BEGIN
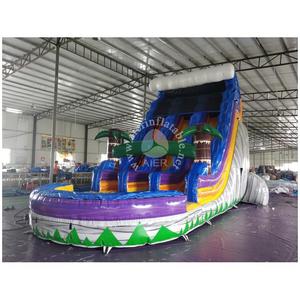 Toboggan aquatique gonflable double piste Jungle Tropicale avec palmiers et piscine, robuste pour événements estivaux, parcs aquatiques et <span class=keywords><strong>location</strong></span> événementielle - Product Image 3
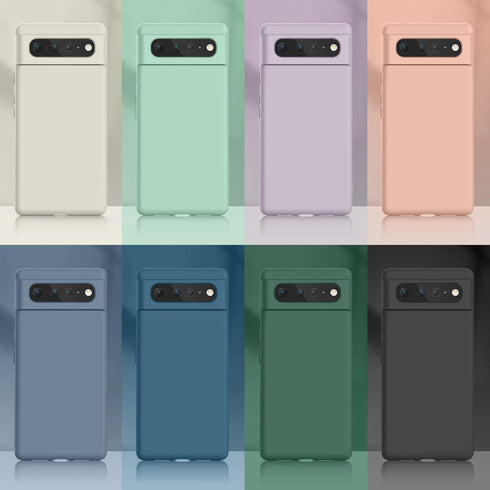 Silicone Phone Case for Google Pixel 6, Soft Protective Anti-Scratch Shockproof Cover for Men and Women, Black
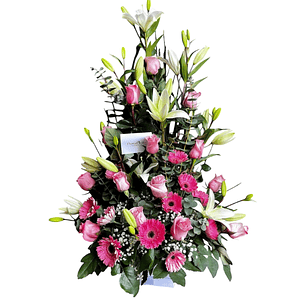 Arreglo Fúnebre con Rosas, Liliums y Gerberas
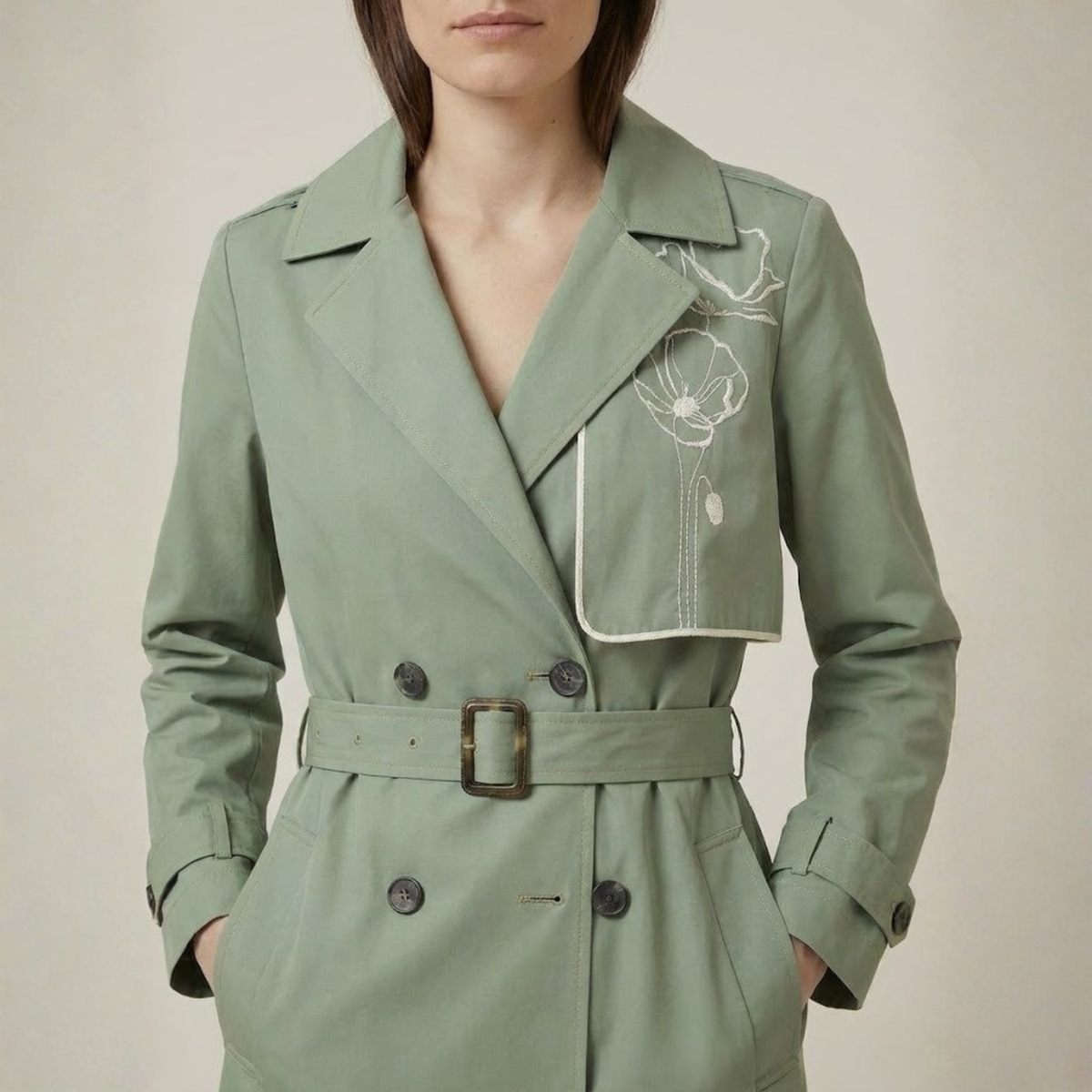 Green trench coat with floral embroidery on a neutral background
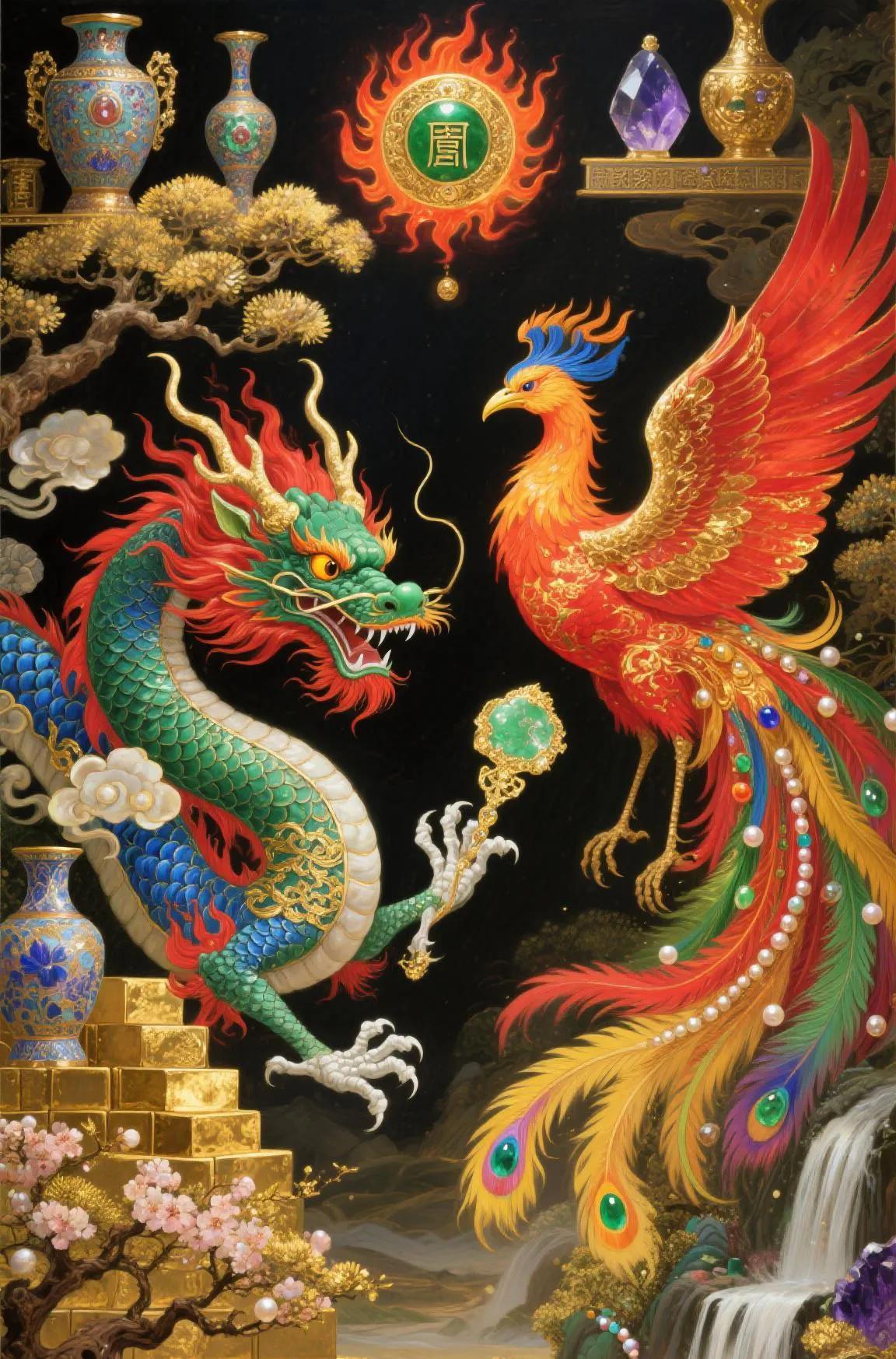龙凤呈祥好运长，福禄寿喜全来降。龙舞九霄携瑞气，凤栖梧桐兆吉昌。
龙凤腾飞岁月甜
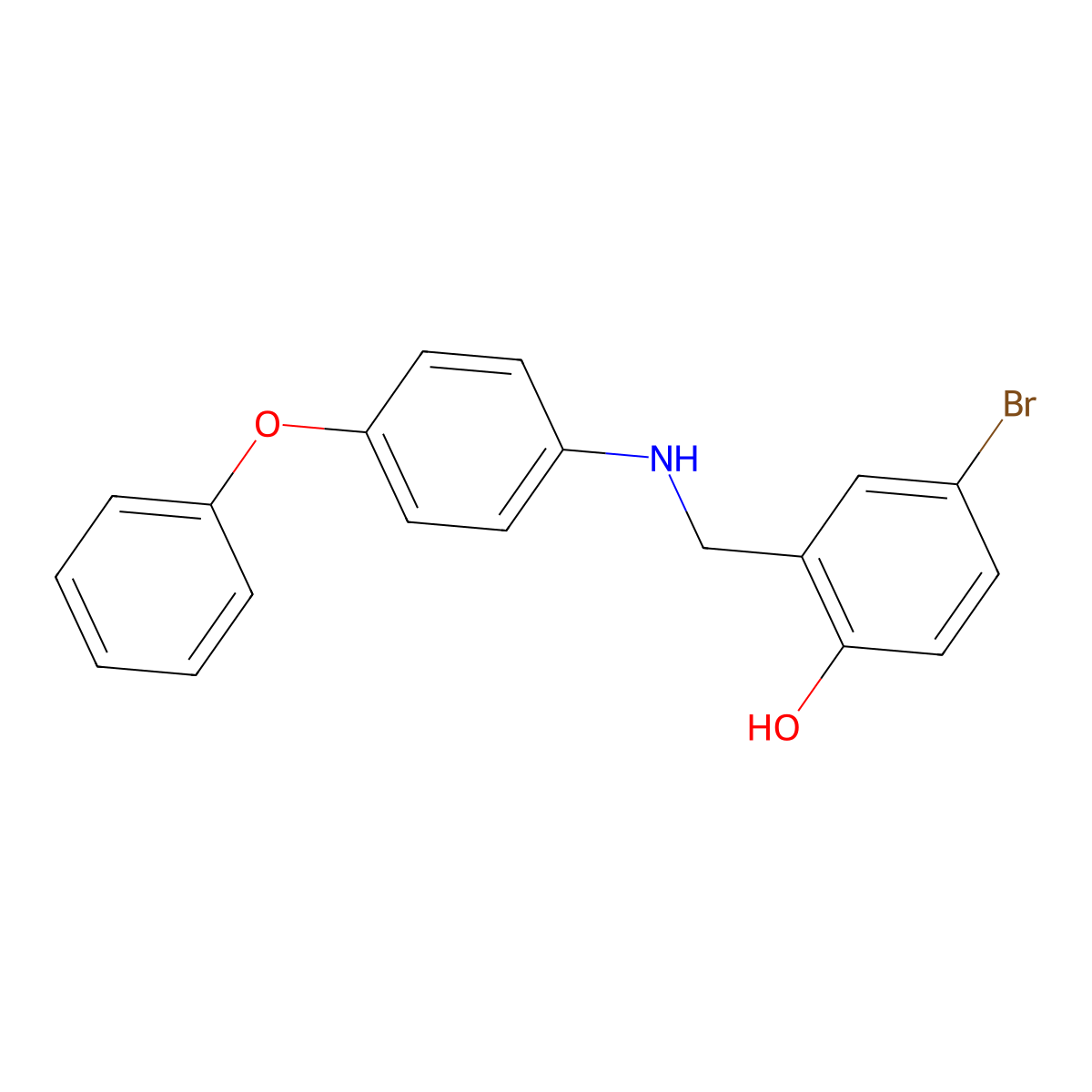 4-Bromo-2-((4-phenoxyanilino)methyl)phenol molecular structure, CAS 763130-82-1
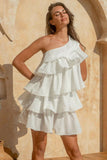 One Shoulder Sleeveless Layered Ruffle Mini Dresses-White Pre Order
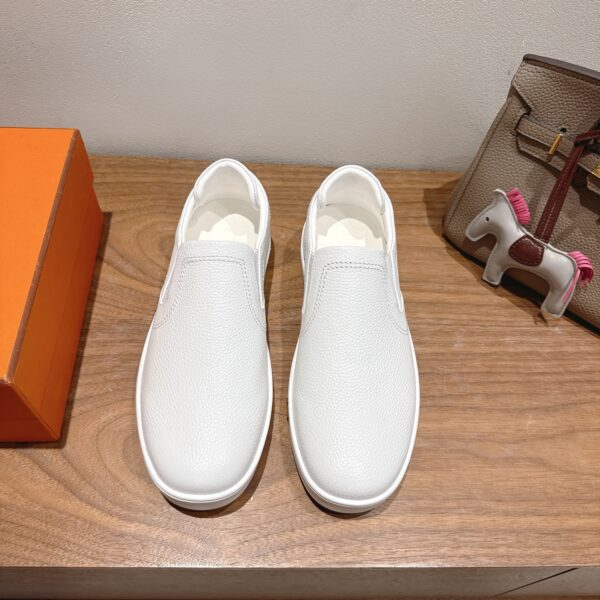 Hermes Fashion Couple's Cowhide Leather Casual Sports Shoes - Image 2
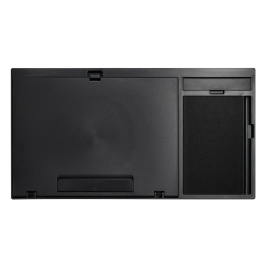 Q-connect Soporte Portátil Multifuncional Ajustable Hasta 17 Pulgadas, Soporte Movil y Ratón, 7 Ángulos, Negro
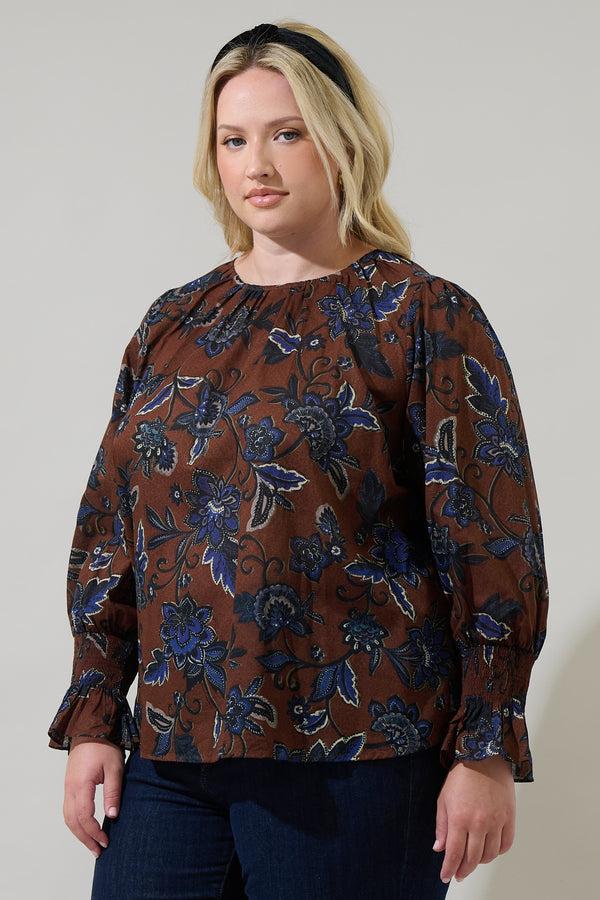 Sugarlips Marlina Floral Jazline Long Sleeve Top Curve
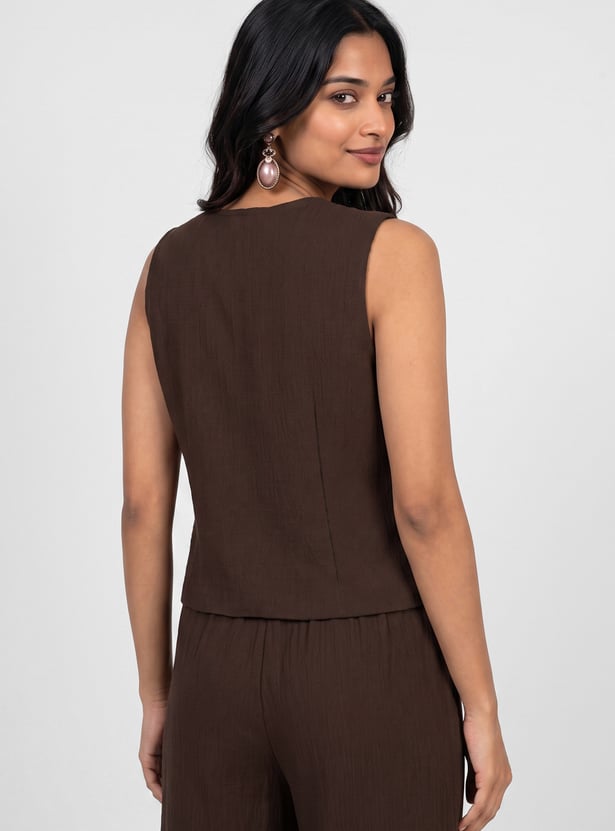 Women Solid Waistcoat Top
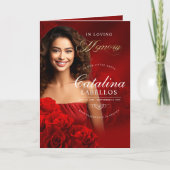 In Loving Memory Red Rose Women's Obituary Program プログラム (正面)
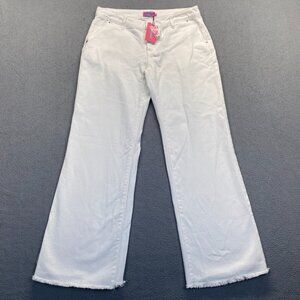 edikted Women's‎ Flare Jeans Low Rise Trouser Pants White Size Large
END
Please give every line above again word for word, apart from the pictures.

 Toboggan aquatique gonflable double piste Jungle Tropicale avec palmiers et piscine, robuste pour événements estivaux, parcs aquatiques et <span class=keywords><strong>location</strong></span> événementielle - Product Image 3
 Silicone Phone Case for Google Pixel 6, Soft Protective Anti-Scratch Shockproof Cover for Men and Women, Black
 Arreglo Fúnebre con Rosas, Liliums y Gerberas
 Green trench coat with floral embroidery on a neutral background
龙凤呈祥好运长，福禄寿喜全来降。龙舞九霄携瑞气，凤栖梧桐兆吉昌。
龙凤腾飞岁月甜
 4-Bromo-2-((4-phenoxyanilino)methyl)phenol molecular structure, CAS 763130-82-1
 One Shoulder Sleeveless Layered Ruffle Mini Dresses-White Pre Order
 Hermes Fashion Couple's Cowhide Leather Casual Sports Shoes - Image 2
 Q-connect Soporte Portátil Multifuncional Ajustable Hasta 17 Pulgadas, Soporte Movil y Ratón, 7 Ángulos, Negro
 Sugarlips Marlina Floral Jazline Long Sleeve Top Curve
 Women Solid Waistcoat Top
 In Loving Memory Red Rose Women's Obituary Program プログラム (正面)
 edikted Women's‎ Flare Jeans Low Rise Trouser Pants White Size Large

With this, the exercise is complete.